● INPUT DATA
--

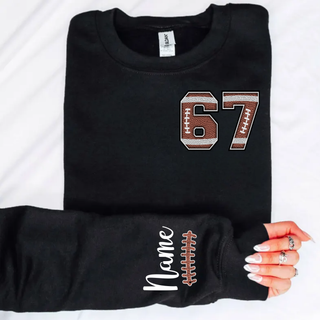 Custom Football Number Name Crewneck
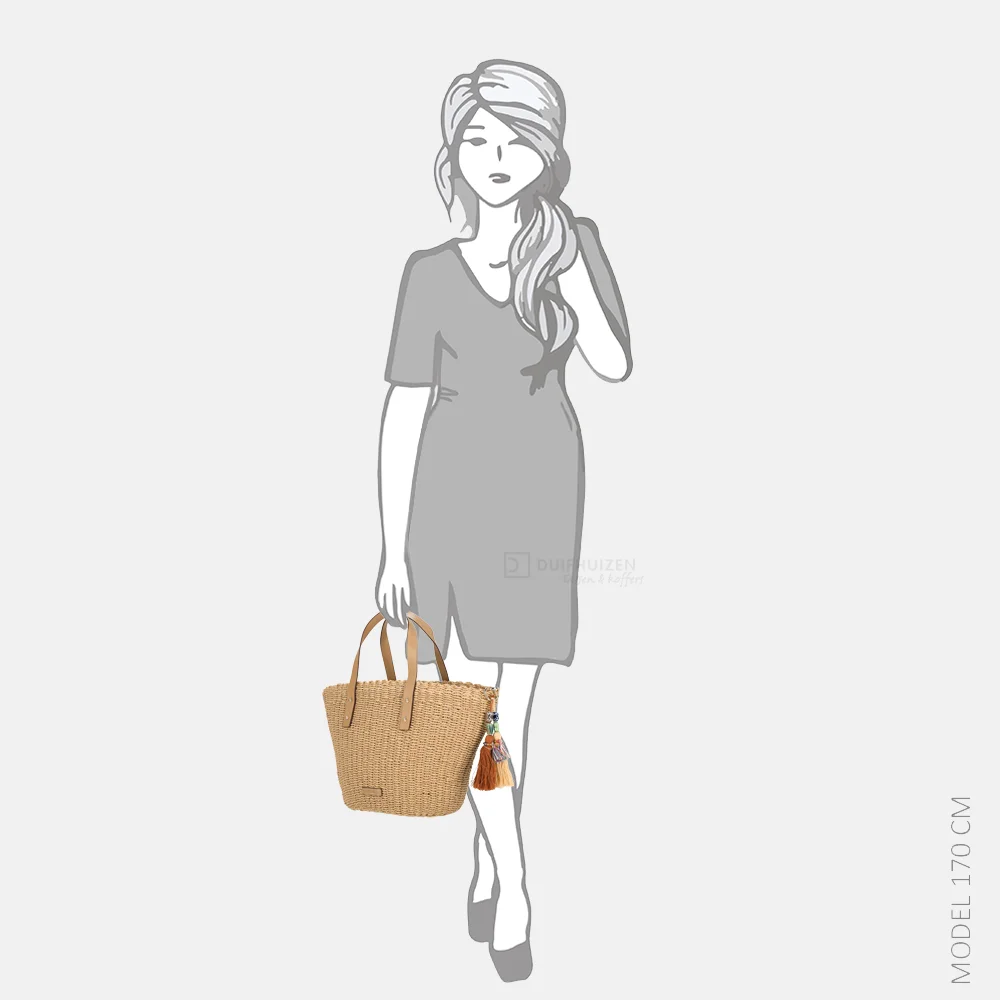 Laurent David Leo handtas M raffia taupe bij Duifhuizen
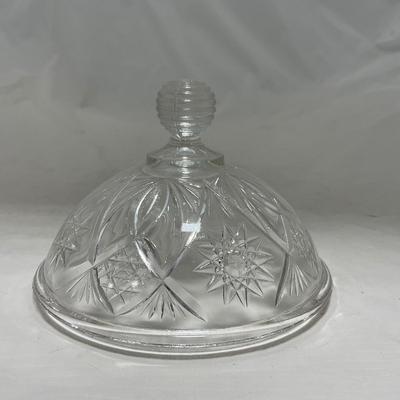 -102- Clear Cut Glass | Covered Butter Dish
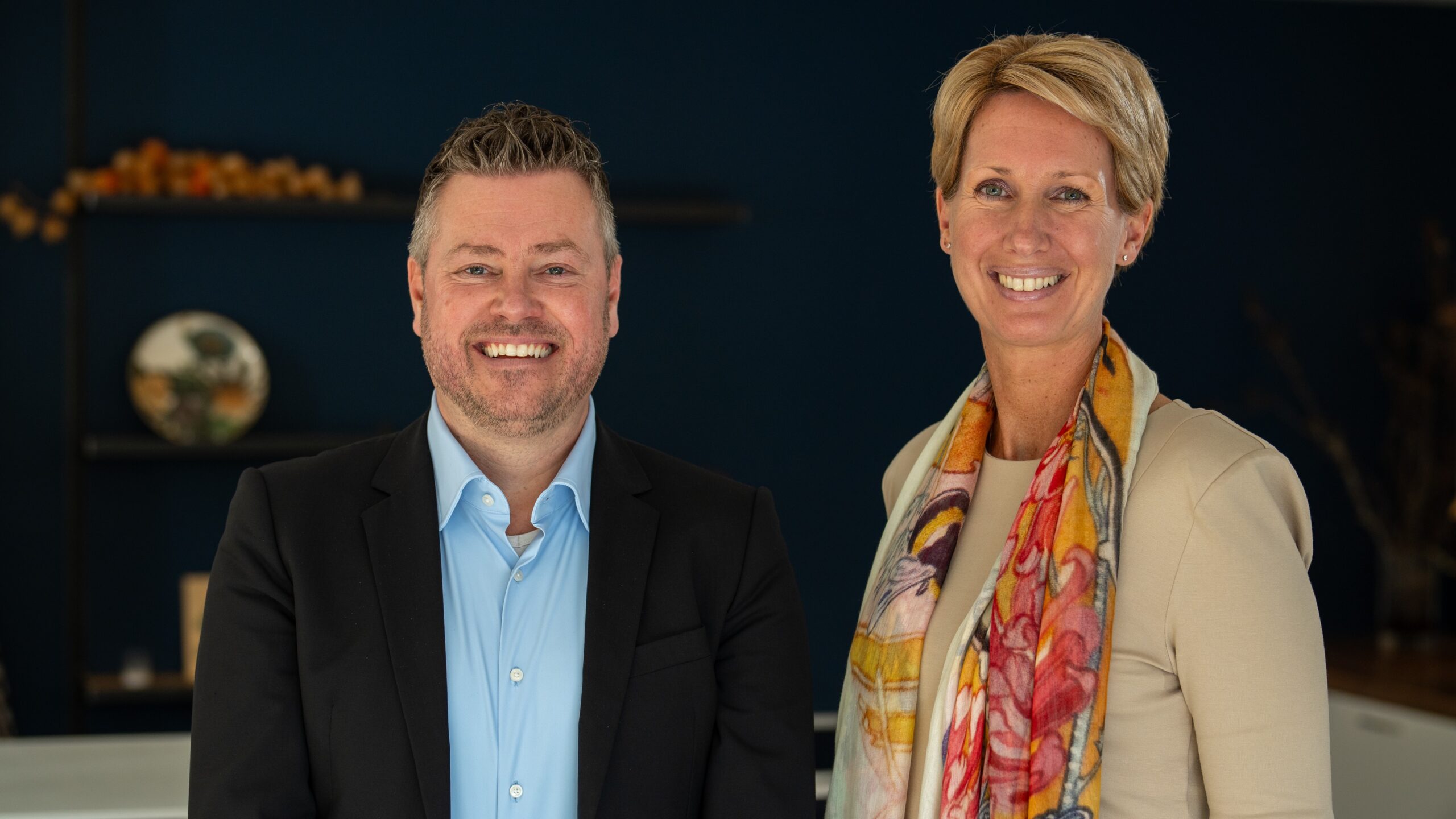 Gom-branchemanagers innovatie Geoffrey Nouws en Mieke Sprinkhuizen.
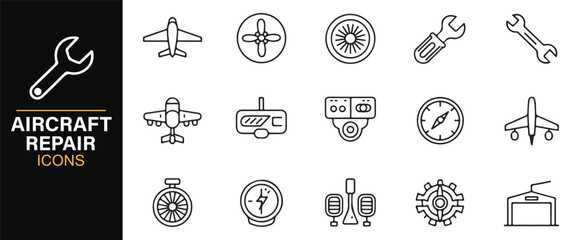 Aircraft maintenance icons – vector pack of airplane, propeller, wrench, hangar, and cockpit instruments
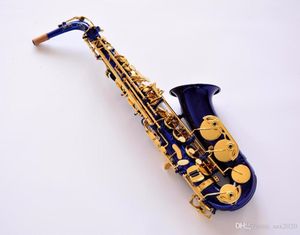 Altsaxophon, professionelles Eb, einzigartiges Saxophon mit blauer Oberfläche, mit Mundstücketui und Zubehör, Altsaxophon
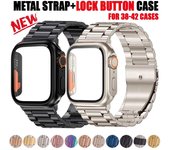 Cambiar a Ultra Protector de pantalla para reloj inteligente Series 9 7 8 banda 45mm 41mm funda + correa iWatch SE 6 5 4 44mm 40mm girando a Ultra2 40mm plata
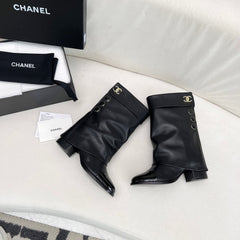 CC SHORT BOOTS 55 MM IN BLACK LAMBSKIN WITH GOLD HARDWARE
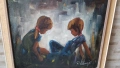 Картина "Деца" - маслени бои на платно - 73/63см  , снимка 2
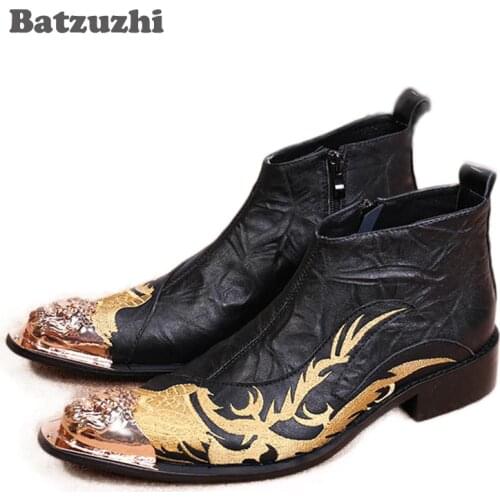 Batzuzhi Designers Mens Leather Boots Ankle Black Genuine Leather Mens Dress Boots Shoes Western Coyboy Fashion Gold Iron Toe
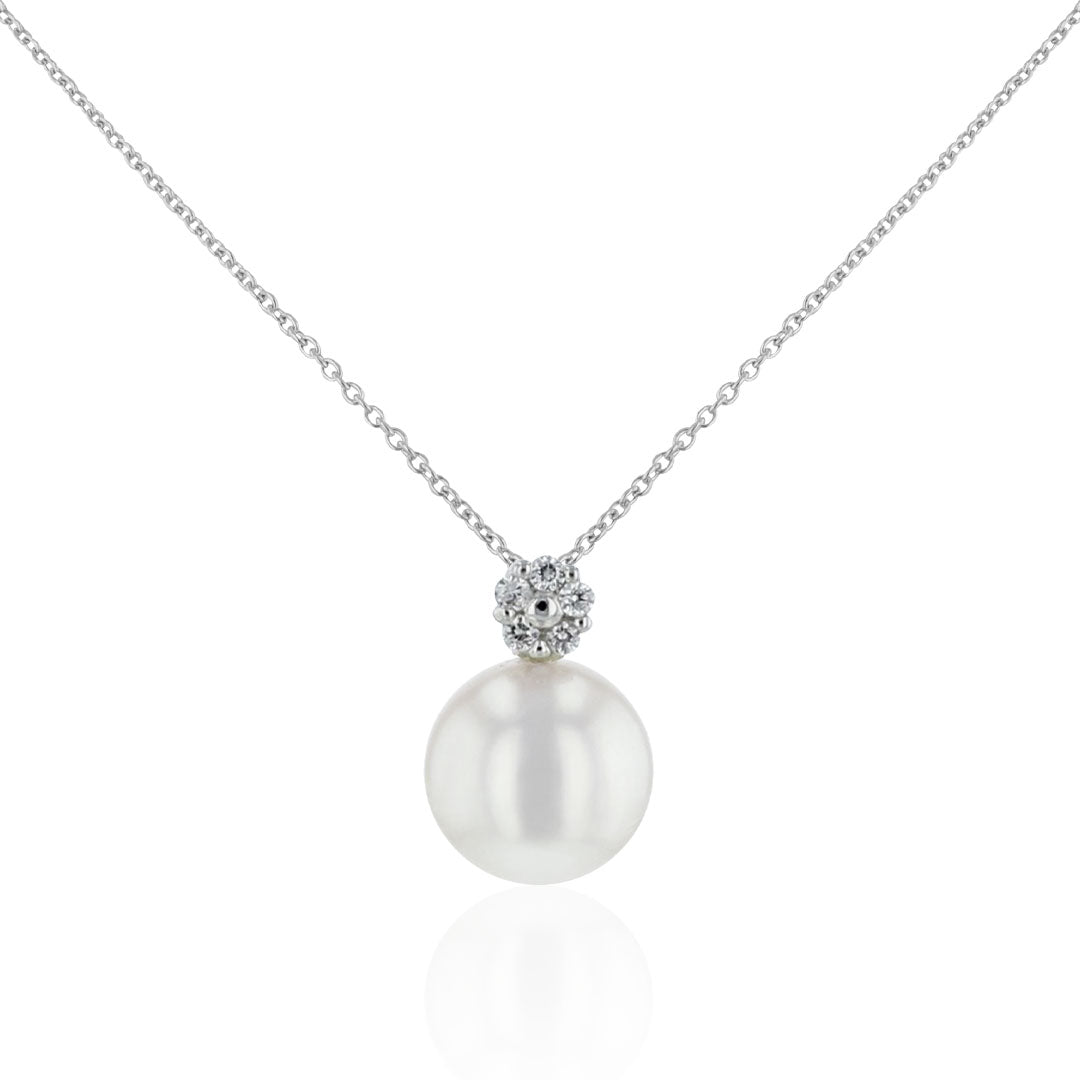 Goldkette mit Anhänger | Süßwasser-Zuchtperle und Brillanten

--

● PROBLEM
In the listing above, find the line with "-102- Clear Cut Glass | Covered Butter Dish" and the line with "Aircraft maintenance icons". Copy exactly those two and every line between, without the pictures.

● WRITTEN REPLY
 -102- Clear Cut Glass | Covered Butter Dish
 Gom-branchemanagers innovatie Geoffrey Nouws en Mieke Sprinkhuizen.
 Aircraft maintenance icons – vector pack of airplane, propeller, wrench, hangar, and cockpit instruments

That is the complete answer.